Task requirements - Identify every line in the records below that contains the word "North", and reproduce each one.

Brief descriptive captions
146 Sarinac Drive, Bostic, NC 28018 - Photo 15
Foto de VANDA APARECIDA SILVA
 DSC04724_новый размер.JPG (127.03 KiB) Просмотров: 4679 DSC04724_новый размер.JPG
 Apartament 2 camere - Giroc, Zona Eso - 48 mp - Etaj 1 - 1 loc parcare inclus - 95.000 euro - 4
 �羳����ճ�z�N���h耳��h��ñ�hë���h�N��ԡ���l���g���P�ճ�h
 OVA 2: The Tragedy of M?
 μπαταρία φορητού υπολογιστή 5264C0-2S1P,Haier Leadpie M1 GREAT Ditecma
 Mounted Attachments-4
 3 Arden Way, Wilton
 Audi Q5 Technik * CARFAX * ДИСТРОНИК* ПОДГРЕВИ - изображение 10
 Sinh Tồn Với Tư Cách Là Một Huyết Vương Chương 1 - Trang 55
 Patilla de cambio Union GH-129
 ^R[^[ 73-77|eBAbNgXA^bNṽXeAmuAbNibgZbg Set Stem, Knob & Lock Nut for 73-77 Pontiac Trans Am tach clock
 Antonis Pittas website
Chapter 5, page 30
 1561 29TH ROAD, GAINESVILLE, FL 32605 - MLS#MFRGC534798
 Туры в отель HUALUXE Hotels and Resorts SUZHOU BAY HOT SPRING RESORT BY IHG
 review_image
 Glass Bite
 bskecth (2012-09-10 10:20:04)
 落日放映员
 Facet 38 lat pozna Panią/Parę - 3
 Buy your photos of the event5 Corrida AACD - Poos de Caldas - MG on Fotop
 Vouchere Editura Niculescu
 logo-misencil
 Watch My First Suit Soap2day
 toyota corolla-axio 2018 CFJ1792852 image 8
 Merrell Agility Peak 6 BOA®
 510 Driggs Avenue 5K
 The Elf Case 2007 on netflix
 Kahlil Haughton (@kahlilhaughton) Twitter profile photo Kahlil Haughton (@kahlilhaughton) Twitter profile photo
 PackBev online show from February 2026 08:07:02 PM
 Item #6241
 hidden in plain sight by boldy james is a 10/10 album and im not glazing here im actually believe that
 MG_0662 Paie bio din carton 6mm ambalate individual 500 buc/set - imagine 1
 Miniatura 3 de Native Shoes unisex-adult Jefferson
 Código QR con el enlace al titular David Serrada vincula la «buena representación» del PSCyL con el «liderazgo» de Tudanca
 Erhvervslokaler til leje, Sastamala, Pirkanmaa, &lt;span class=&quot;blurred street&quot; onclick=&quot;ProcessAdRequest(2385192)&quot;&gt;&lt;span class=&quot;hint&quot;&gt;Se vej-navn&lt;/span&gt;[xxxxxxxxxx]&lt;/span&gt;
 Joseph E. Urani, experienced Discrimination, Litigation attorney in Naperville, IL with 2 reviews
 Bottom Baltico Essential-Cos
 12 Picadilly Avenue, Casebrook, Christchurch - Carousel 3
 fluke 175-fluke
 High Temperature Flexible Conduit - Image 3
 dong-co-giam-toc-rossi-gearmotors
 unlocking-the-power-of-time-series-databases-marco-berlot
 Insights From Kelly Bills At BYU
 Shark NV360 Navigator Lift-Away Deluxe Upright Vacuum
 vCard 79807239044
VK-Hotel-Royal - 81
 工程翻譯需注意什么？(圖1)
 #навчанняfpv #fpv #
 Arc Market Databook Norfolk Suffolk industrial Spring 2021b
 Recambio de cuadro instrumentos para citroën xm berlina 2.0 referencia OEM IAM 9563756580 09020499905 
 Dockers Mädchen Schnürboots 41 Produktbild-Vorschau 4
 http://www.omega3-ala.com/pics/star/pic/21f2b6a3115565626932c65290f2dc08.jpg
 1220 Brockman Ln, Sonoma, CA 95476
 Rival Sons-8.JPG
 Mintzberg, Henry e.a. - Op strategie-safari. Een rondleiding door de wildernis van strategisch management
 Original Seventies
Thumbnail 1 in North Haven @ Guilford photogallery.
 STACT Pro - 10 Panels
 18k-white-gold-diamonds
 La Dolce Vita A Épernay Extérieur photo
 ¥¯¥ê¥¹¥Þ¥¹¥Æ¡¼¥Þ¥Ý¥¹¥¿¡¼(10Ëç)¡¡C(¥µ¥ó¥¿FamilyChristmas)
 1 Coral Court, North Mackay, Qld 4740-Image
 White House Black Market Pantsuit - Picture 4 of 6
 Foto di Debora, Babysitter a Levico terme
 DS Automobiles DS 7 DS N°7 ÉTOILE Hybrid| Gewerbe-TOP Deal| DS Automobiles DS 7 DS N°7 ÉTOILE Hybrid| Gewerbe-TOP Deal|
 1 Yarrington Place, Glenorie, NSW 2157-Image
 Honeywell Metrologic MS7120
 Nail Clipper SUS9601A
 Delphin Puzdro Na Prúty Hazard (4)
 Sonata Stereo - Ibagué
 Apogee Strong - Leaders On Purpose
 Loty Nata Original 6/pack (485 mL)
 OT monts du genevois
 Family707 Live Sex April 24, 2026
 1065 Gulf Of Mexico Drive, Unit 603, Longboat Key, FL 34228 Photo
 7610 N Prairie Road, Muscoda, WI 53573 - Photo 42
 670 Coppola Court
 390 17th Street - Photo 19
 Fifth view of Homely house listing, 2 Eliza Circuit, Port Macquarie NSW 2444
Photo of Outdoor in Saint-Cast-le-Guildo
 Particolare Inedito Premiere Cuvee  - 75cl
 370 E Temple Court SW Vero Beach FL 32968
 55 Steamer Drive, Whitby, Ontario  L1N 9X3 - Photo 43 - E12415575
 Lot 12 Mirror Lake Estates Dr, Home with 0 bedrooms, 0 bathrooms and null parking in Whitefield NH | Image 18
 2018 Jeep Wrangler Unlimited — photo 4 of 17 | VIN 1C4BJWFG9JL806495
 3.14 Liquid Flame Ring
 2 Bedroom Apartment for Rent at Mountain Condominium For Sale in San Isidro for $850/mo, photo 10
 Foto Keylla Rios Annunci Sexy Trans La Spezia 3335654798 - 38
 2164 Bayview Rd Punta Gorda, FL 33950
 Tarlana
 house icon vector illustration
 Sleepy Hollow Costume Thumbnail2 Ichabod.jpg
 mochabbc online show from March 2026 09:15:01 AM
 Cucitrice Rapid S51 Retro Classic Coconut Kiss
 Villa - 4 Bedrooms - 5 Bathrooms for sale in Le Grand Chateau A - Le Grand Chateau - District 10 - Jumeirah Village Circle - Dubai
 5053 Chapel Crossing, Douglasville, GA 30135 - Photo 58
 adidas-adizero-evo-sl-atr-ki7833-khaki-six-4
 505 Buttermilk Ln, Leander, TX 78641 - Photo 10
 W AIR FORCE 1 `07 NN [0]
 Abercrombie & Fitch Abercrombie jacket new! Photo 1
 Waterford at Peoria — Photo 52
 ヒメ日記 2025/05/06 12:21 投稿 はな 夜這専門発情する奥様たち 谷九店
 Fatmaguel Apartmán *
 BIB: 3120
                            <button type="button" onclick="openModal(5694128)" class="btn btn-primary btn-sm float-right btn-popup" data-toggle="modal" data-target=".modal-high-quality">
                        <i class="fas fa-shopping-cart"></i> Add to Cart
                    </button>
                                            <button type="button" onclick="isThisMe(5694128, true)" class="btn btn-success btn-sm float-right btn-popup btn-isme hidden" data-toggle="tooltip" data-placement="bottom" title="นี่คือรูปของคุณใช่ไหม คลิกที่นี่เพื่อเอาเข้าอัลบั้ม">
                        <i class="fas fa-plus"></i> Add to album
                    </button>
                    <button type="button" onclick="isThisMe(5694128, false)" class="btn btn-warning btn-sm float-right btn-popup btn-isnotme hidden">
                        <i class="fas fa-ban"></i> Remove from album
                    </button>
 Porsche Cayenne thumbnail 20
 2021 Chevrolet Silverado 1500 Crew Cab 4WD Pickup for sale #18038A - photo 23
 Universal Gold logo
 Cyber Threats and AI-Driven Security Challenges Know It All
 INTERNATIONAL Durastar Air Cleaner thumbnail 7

Solution for this task -
Thumbnail 1 in North Haven @ Guilford photogallery.
 1 Coral Court, North Mackay, Qld 4740-Image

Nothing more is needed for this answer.